1839 Deeping St James, Lincolnshire.
1840 Stoke Dry Rectory, Rutland

Miscellaneous 

1845. Grant's Iron Foundry, Wharf Road, Stamford. Built for Lord Exeter. Only the monumental arch now survives. This was built in 1845 as the entrance to Grant's iron foundry and was designed by Bryan Browning.
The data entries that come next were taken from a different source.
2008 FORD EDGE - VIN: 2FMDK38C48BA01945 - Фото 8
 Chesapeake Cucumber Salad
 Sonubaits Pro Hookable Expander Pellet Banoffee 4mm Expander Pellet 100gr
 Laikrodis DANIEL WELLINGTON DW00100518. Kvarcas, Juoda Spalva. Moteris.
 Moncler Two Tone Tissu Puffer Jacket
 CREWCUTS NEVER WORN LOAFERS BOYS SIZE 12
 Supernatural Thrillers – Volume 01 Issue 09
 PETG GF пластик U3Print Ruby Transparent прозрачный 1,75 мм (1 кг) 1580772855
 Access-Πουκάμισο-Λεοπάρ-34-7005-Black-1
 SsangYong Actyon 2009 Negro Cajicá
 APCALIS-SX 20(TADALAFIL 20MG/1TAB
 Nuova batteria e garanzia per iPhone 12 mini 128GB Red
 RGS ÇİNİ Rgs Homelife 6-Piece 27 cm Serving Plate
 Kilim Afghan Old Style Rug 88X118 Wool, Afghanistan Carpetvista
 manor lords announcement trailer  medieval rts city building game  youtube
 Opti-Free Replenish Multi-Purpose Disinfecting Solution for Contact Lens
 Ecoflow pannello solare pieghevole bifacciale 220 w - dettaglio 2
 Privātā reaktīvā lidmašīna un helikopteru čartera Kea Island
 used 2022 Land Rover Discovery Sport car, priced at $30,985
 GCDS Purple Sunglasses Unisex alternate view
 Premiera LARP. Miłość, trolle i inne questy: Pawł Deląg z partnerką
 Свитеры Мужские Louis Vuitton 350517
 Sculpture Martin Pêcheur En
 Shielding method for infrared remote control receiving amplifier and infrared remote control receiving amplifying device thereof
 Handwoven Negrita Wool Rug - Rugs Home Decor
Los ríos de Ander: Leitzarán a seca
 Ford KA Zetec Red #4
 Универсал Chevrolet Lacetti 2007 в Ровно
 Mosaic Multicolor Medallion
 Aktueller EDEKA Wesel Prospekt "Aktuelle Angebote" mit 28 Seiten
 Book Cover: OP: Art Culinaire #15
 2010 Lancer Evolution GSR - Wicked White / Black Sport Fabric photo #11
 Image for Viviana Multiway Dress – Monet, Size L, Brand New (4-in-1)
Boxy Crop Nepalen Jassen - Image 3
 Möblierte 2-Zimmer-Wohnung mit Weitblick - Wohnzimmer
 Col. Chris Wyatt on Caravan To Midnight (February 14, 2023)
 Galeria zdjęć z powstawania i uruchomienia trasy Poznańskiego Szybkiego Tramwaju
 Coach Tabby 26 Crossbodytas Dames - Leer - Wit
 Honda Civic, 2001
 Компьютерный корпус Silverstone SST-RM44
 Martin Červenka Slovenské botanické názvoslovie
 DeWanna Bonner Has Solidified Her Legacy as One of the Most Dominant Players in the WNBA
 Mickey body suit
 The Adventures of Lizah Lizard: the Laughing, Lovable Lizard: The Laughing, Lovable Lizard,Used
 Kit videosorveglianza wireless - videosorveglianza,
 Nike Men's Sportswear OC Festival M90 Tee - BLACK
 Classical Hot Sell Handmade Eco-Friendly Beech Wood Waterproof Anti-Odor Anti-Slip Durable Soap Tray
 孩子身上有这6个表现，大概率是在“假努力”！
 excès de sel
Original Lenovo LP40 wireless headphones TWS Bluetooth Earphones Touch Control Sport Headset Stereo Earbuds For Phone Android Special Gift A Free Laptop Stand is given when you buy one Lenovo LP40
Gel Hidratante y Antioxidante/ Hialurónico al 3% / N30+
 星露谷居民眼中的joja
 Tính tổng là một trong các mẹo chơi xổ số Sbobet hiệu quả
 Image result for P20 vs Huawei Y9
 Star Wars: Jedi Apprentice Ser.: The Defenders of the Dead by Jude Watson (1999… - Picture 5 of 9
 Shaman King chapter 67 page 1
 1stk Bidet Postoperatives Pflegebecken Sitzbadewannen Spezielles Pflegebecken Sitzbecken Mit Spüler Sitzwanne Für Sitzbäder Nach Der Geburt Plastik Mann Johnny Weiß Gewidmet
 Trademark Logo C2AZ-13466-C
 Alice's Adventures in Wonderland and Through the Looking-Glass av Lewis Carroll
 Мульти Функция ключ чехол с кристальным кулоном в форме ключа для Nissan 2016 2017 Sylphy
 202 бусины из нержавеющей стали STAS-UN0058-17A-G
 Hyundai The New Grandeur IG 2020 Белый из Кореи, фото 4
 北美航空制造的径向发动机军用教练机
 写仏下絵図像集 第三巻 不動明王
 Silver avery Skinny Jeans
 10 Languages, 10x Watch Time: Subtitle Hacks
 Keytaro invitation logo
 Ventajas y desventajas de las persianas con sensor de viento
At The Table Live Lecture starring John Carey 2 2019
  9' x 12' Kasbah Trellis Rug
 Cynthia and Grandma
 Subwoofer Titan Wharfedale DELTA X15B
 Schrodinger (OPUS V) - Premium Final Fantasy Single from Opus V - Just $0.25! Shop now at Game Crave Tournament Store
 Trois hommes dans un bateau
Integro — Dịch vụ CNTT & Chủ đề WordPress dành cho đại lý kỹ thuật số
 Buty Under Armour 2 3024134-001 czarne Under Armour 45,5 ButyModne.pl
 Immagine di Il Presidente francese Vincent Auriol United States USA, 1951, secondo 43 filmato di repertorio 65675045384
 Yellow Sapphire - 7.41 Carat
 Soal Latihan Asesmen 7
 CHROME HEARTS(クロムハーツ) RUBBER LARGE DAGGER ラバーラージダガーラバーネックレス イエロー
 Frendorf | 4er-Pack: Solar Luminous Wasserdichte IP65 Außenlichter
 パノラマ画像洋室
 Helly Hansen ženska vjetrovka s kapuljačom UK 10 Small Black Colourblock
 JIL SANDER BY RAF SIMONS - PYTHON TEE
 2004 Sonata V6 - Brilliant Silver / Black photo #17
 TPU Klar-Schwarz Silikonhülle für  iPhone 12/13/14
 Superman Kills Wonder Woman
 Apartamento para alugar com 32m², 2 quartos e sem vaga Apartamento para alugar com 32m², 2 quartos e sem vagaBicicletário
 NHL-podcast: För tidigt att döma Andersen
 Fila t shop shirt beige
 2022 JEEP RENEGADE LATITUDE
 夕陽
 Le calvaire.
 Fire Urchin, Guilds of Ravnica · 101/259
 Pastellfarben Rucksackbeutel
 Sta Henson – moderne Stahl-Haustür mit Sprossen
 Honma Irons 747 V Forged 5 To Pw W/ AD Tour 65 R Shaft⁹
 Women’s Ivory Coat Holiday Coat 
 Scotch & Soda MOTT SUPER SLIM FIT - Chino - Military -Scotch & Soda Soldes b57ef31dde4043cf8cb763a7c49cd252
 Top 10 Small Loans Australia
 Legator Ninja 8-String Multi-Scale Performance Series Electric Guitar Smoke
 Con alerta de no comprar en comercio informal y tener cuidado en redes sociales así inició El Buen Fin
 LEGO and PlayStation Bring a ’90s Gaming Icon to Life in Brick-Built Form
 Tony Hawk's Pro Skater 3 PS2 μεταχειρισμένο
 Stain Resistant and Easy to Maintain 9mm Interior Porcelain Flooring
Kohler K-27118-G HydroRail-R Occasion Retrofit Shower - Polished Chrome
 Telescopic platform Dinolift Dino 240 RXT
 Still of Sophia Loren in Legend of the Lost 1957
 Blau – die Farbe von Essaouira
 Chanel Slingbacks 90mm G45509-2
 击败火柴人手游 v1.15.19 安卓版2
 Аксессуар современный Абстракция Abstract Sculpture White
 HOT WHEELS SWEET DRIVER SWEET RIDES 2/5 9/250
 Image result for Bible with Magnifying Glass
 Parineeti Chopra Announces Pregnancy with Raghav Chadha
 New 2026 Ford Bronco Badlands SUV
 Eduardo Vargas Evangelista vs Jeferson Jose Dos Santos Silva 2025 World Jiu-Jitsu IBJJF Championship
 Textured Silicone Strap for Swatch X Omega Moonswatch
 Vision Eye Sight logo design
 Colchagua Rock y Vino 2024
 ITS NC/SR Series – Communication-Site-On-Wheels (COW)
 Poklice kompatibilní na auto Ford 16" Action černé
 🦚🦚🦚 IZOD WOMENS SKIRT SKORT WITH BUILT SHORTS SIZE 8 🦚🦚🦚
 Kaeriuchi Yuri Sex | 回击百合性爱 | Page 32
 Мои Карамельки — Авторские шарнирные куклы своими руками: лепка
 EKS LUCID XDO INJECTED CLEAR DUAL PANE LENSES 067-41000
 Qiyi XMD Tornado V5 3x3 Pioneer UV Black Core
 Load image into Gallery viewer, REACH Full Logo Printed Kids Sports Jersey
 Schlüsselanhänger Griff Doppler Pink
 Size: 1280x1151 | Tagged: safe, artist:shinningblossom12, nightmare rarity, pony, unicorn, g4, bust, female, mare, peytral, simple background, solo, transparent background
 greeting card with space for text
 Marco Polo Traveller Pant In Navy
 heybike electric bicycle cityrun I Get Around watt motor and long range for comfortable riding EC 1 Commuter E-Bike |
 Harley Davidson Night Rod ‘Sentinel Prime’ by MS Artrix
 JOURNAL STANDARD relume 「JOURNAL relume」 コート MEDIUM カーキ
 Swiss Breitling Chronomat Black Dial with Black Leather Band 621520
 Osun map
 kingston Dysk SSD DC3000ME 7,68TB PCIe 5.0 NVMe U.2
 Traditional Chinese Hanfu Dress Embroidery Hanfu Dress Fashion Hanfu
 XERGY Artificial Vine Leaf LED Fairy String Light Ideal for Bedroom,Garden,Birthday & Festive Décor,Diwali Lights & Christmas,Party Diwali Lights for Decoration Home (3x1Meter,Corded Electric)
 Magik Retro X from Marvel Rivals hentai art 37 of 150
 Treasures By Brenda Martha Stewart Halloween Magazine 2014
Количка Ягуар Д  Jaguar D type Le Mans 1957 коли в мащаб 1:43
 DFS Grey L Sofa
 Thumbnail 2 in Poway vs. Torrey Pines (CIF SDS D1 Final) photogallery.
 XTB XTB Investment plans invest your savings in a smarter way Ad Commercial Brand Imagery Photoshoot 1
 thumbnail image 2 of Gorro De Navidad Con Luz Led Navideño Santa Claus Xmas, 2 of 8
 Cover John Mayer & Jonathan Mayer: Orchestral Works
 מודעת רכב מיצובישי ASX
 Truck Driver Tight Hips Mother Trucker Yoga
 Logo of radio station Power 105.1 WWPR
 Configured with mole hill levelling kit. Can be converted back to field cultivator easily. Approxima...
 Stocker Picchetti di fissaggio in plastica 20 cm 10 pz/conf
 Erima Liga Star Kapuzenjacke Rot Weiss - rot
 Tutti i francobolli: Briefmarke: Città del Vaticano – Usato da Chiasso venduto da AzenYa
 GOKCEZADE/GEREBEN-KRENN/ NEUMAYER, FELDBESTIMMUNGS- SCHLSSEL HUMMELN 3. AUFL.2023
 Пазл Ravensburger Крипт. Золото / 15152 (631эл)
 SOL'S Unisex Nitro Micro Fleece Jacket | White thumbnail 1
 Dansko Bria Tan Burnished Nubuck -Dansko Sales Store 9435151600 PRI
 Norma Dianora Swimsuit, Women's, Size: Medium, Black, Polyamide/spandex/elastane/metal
The site became Blashfield's Terracotta Works in 1858.   In 1937 the Stamford architect John Charles Traylen rebuilt the arch several feet to the south and parallel with the road.

References

Literature 
Antram N (revised), Pevsner, N. & Harris J, (1989), The Buildings of England: Lincolnshire, Yale University Press.
Antonia Brodie (ed), Directory of British Architects, 1834–1914: 2 Vols,  British Architectural Library, Royal Institute of British Architects, 2001, Vol 1, pg. 280.
Colvin H. A (1995), Biographical Dictionary of British Architects 1600–1840. Yale University Press, 3rd edition London, pg.172.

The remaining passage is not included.